## [AIM OF THE EXERCISE]
Lines from the one containing "I hope you understood" through the end of the listing are what is wanted, given again exactly with both ends included and pictures left out.
■ ■ ■ ■ ■
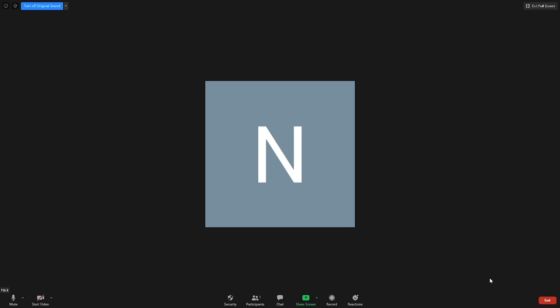To demonstrate the difference, this is a sample of me playing my acoustic guitar recorded within Zoom with only the standard settings. All of these advanced settings will be turned off.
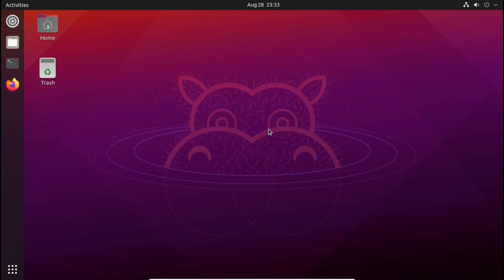Hello everyone and welcome back to Decoders. I am Tapish and in this video I will show you how to make your Ubuntu desktop look like Windows 10.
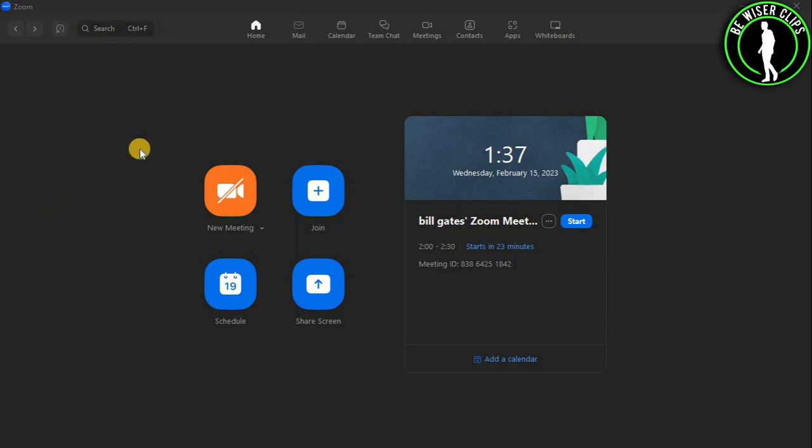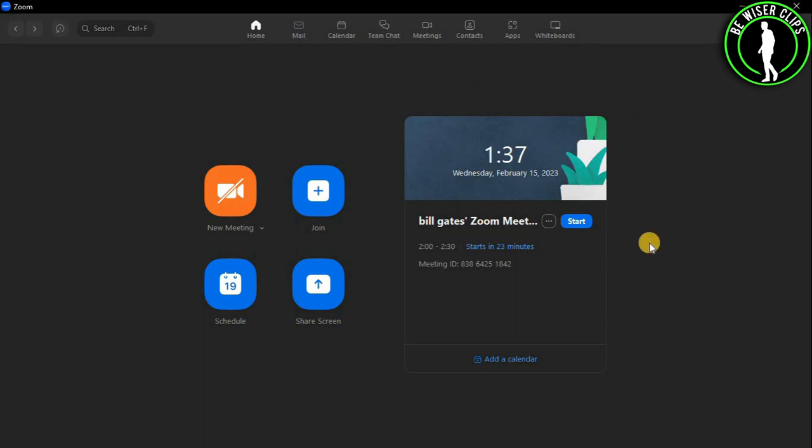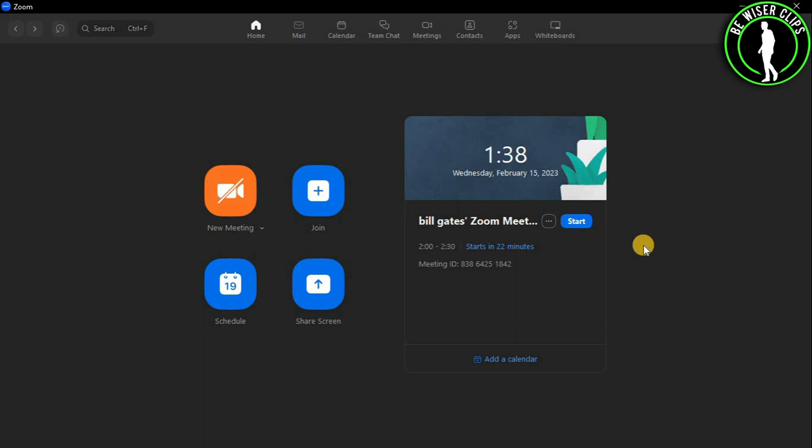Once you're on your Zoom application, you can see I have this Zoom meeting in like 23 minutes, now it's in 22 minutes. So what you have to do to delete your Zoom meeting on the Zoom application...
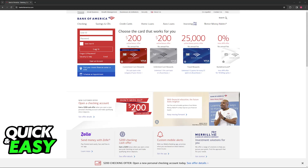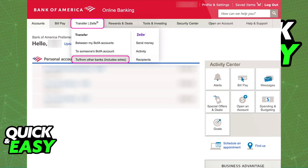I cannot confirm whether or not you are going to be able to do this through the mobile app, but you are welcome to try. If you are doing this through the website, what you have to do is sign into your account, access the online banking session, and in there select Transfer or Zelle at the top of the screen. Immediately upon selecting Transfer or Zelle from the navigation bar you will find the option to start a wire transfer, as I've highlighted here.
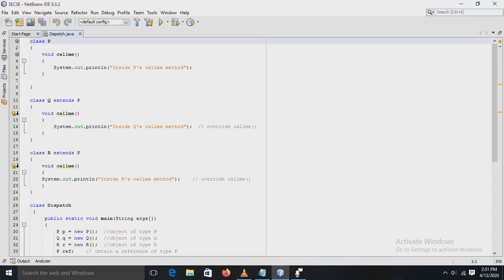When an overridden method is called from within a subclass, it will always refer to the version of that method defined by the subclass, and the version defined by the superclass will be hidden. This problem can be solved by the dynamic dispatch method, which is very important.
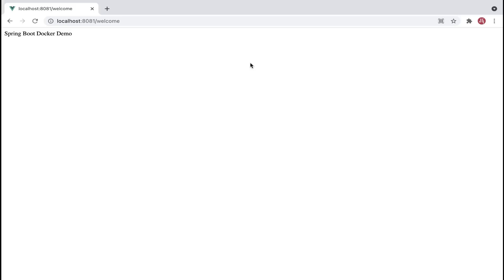I hope you understood how to build a Docker image for a Spring Boot application and how to run a Docker image in a Docker container. Thanks for watching. If you have any queries, let me know in the comment section. If you're new to this channel, consider subscribing.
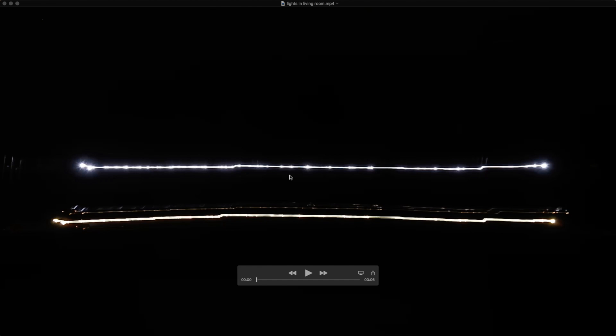I set up an experiment in my living room. This light here is further away. This light here is a lot closer.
■ ■ ■ ■ ■
## [WRITTEN RESPONSE]
I hope you understood how to build a Docker image for a Spring Boot application and how to run a Docker image in a Docker container. Thanks for watching. If you have any queries, let me know in the comment section. If you're new to this channel, consider subscribing.
I set up an experiment in my living room. This light here is further away. This light here is a lot closer.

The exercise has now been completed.